Starbucks Coffee announced today that it is changing its dairy standard for all of its espresso-based drinks, switching from whole milk to reduced fat (i.e., 2%) milk in all Starbucks stores in the U.S. and Canada by the end of 2007: Daytrading, Eminis, Forex trading, Swing Trading BREAKING NEWS – 559959 – Starbucks Coffee To Switch From Whole To Reduced Fat Milk In All Espresso-based Drinks By FY07 End. (Here’s a take on the same story from the Chicago Sun-Times and San Jose’s NBC11.)
Perhaps after all the criticism over it’s calorie bombs, Starbucks is trying to do its part for the war on obesity. But curiously enough, earlier this month scientists in New Zealand reportedly bred cows that naturally produce low-fat milk: Udderly low-fat milk – News & events – Taste.com.au. This news was soon followed by the announcement that naturally caffeine free coffee trees were about to be introduced in Australia: Caffeine-free coffee trees on their way – News & events – Taste.com.au.
If this sort of “boiling the ocean” problem-solving approach has any legs, here’s to hoping that Starbucks soon stumbles upon genetic research that enables them to grow double-espresso-competent baristas from Petri dishes.

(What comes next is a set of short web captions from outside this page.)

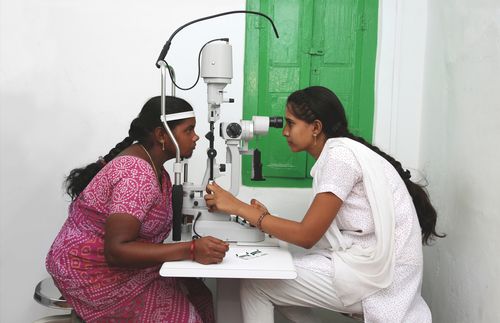 eye doctor examining a woman’s eyes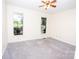 A carpeted bedroom with two windows and a ceiling fan at 169 Wilcox Karriker Ln, Statesville, NC 28625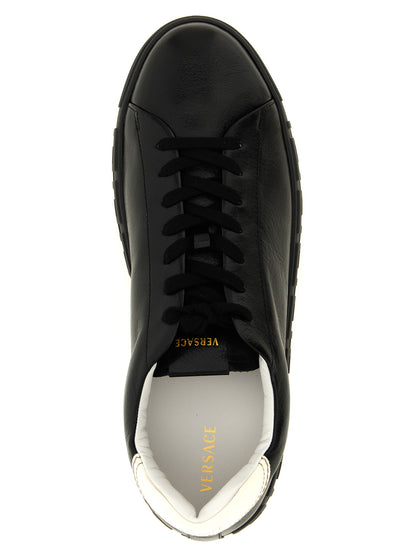 Sneakers by Versace for men in calfskin leather bicolour, black, gold, white, patterned & signature presents a sumptuous silhouette, artfully capturing the essence of the Play Men's Low Top Calfskin Leather Sneakers with its sumptuous low-top style design.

According to today’s San Francisco Chronicle, Peet’s Coffee & Tea will be relocating their roasting facilities from Emeryville to Alameda. The move coincides with Peet’s plans to begin 24-hour roasting operations to keep up with their growth plans and demand: ALAMEDA / Peet’s moves roasting plant to double output of coffee. Peet’s hopes to double its coffee sales to about $500 million a year.

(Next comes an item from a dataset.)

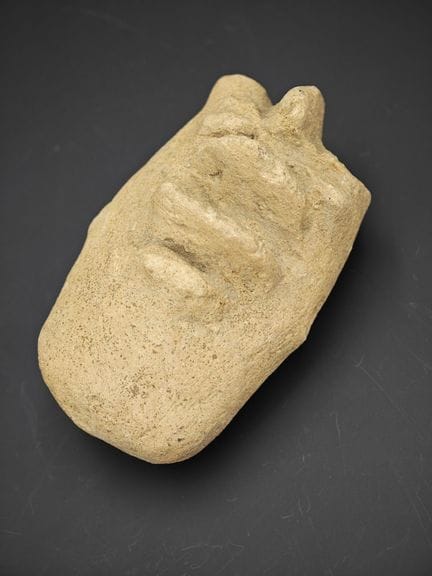 fragment de visage stylisé en terre cuite ancienne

In case liquid coffee extracts didn’t whet your coffee appetite, maybe instant self-heating coffee in a can will: Self-heating coffee launched in Australia > FOODweek Online > Main Features Page.
Per the product description:
To heat the coffee, the canister is tipped upside down and the tamper-proof seal is removed. An activation button is found underneath the seal which is pushed in, releasing water into the inner chamber that contains quicklime. The water, when combined with the quicklime, causes a natural exothermic reaction that creates heat. This heat is then transferred through the inner chamber to warm the coffee in the outer chamber. When the coffee has reached 62 degrees Celsius, a small circle on the side of the can changes from pink to white.
Just try getting that through airport security. But the truly scary part is the “flavors” it comes in — none of which are, well, “coffee” flavor. However, it is “available in Double Shot Latte, Hazelnut Latte, Mocha Latte and French Vanilla Latte for $4.99 (AUS)”.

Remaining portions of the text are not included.